Lembaga Penyelidikan Ekonomi dan Masyarakat Fakultas Ekonomi dan Bisnis Universitas Indonesia pun menengarai salah satu isu utama industri manufaktur adalah menyangkut biaya input atau masukan. Biaya energi, selain upah sumber daya manusia maupun biaya dana ketika perusahaan meminjam uang di bank, menjadi bagian dari biaya masukan.
Ringkasnya, semakin kompetitif biaya masukan, kian berdaya saing pula harga produk keluaran dari industri manufaktur tersebut. Demikian pula sebaliknya.
Patut dicatat bahwa di kancah perdagangan global saat ini, daya saing harga bukan hanya penting untuk berkompetisi di pasar domestik, melainkan juga ekspor. Faktanya, bukan hanya Indonesia yang ingin menggarap kue perdagangan dunia.

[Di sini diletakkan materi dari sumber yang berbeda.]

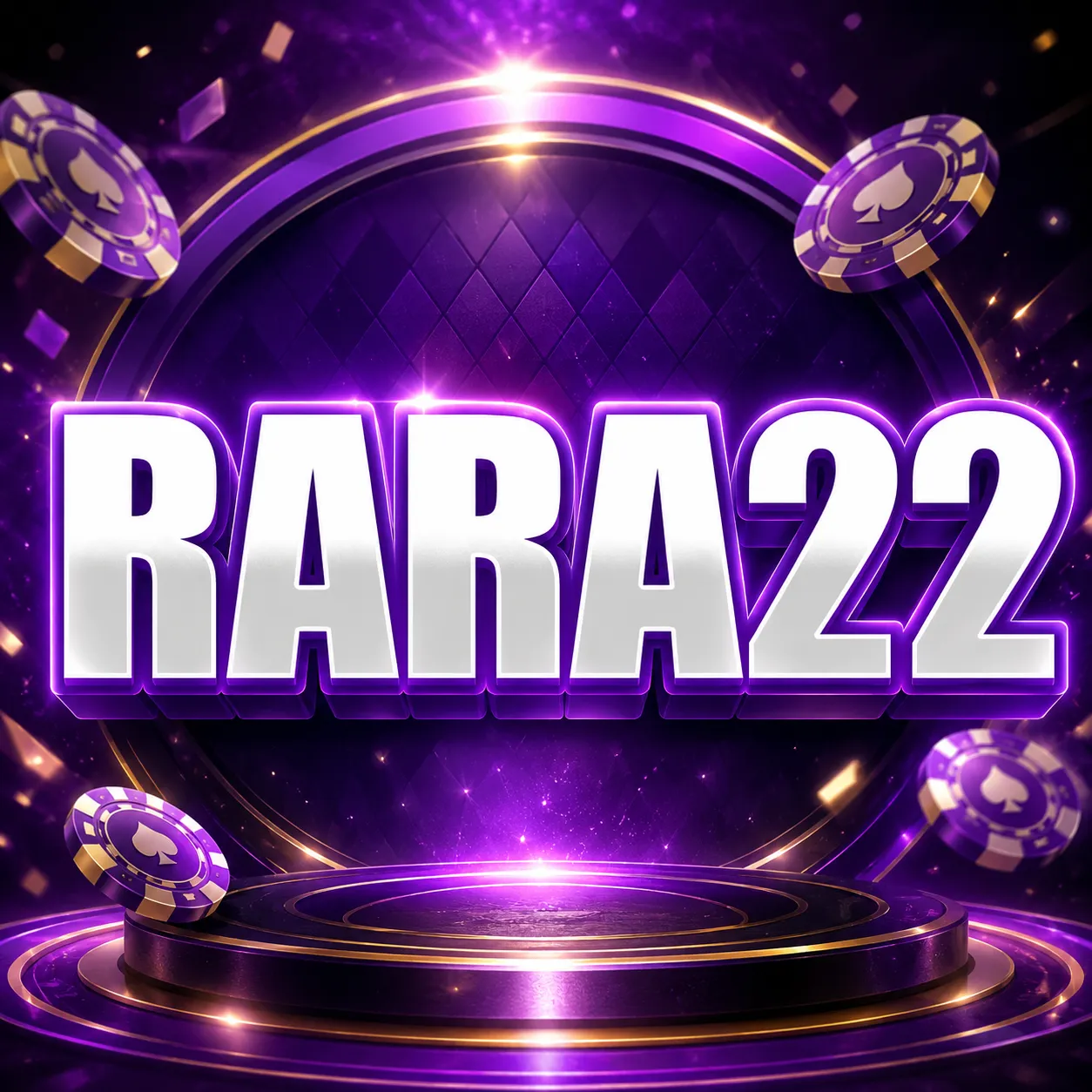 RARA22 - Game Slot Seru dengan Peluang Menang Besar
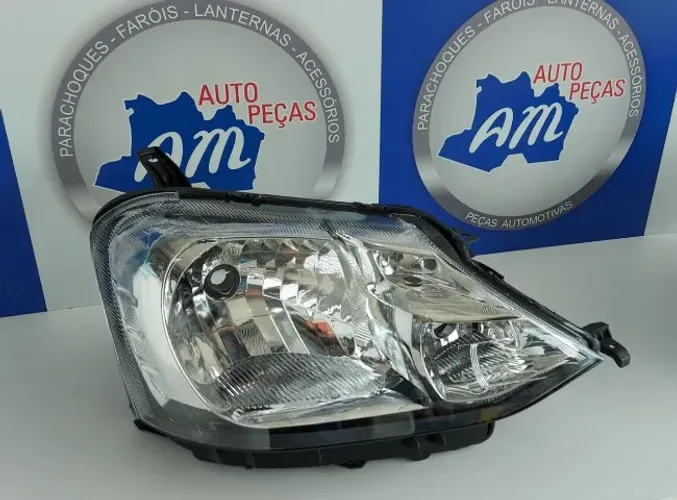 FAROL ETIOS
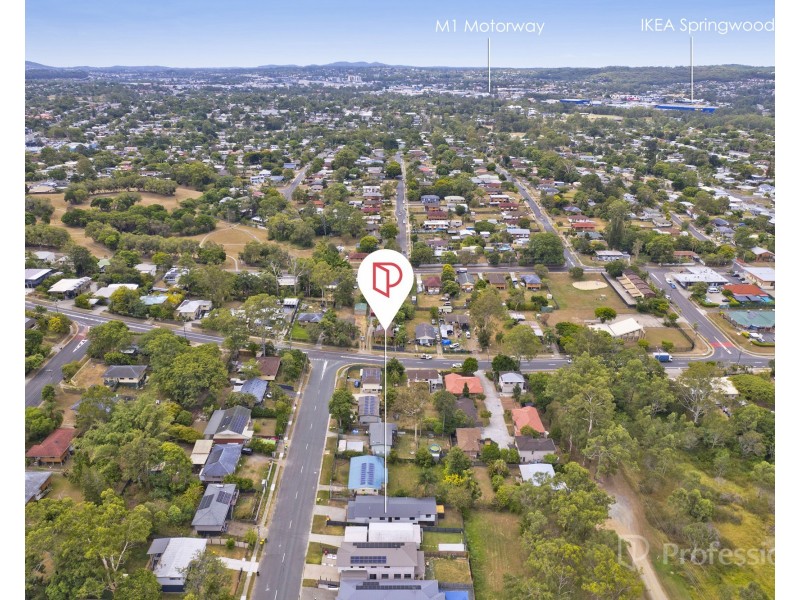 49 Adelaide Street, Kingston QLD 4114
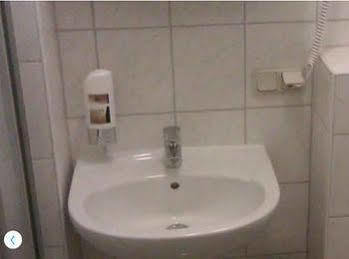 Hotel Hotel Central Hannover 3*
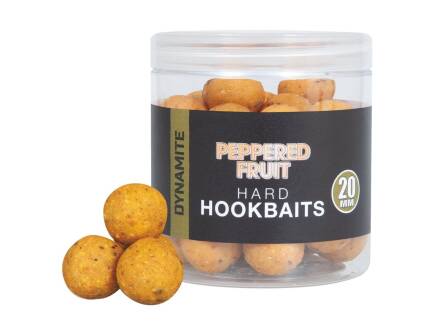 harten Köder, Hakenköder, Pellets, Orangene Farbe, 20 min Boilies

Para pelaku industri manufaktur selama ini kerap menyuarakan keinginan mereka untuk mendapatkan dukungan di sisi harga energi. Sebut saja pelaku industri pertekstilan yang mengusulkan diskon tarif listrik malam hari untuk menopang daya saing industri nasional.
Praktik yang dilakukan di negara lain dalam mendorong daya saing sektor produktif dinilai dapat menjadi bahan perbandingan bagi pemangku kepentingan di Indonesia. Salah satu bahan komparasi adalah diskon tarif listrik di China dari pukul 22.00 sampai 06.00.
Sebagai gambaran pada pukul 22.00 tersebut pusat perbelanjaan biasanya sudah tutup. Aktivitas di rumah-rumah warga pun sudah berkurang. Alhasil, banyak peranti listrik yang dimatikan atau dikurangi pemakaiannya. Nah, pada saat tersebut diskon tarif listrik diberikan kepada industri yang beroperasi 24 jam untuk berproduksi.
Ada pandangan bahwa mesin industri tekstil yang selama ini hanya dipakai siang hari akan dioptimalkan selama 24 jam apabila ada dukungan tarif listrik yang kompetitif. Biaya produksi per unit akan lebih murah sehingga berujung pada harga produk akhir yang berdaya saing.
Asosiasi Pengusaha Indonesia (Apindo) pun menilai penting peran sektor energi bagi kegiatan perekonomian di negeri ini. Terkait hal tersebut, dalam tinjauan Apindo 2020 disebutkan bahwa pengelolaan energi harus berkelanjutan. Pengelolaan ini menyangkut penyediaan, pemanfaatan, dan pengusahaan energi.
Konsistensi penerapan Rencana Umum Energi Nasional dinilai perlu untuk mendukung ketahanan energi. Salah satunya melalui pemberian insentif bagi industri penghasil energi baru dan terbarukan (EBT).
Merujuk data Kementerian Energi dan Sumber Daya Mineral (ESDM), potensi EBT geotermal mencapai 28,5 gigawatt (GW), sementara utilisasinya baru 2,13 GW atau 7,4 persen. Utilisasi hidro, minihidro, dan mikrohidro 5,9 GW atau 7,9 persen dari potensinya yang 75 GW.
Potensi bioenergi 32 GW, sementara yang dimanfaatkan baru 1,9 GW atau 5,9 persen. Potensi angin 60 GW dengan utilisasi 0,2 GW (0,3 persen). Adapun potensi surya 207 GW peak (GWp) dengan utilisasi 0,1 GWp (0,1 persen).
Bicara potensi, negeri ini tidak kurang sumber energi. Sinergi dan koordinasi antarpemangku kepentingan dibutuhkan agar ”satu bahasa” dalam mencapai tujuan bersama. Saatnya mengoptimalkan potensi agar daya saing tinggi di segala lini, baik sektor energi maupun industri, dapat terealisasi dan bukan sekadar mimpi.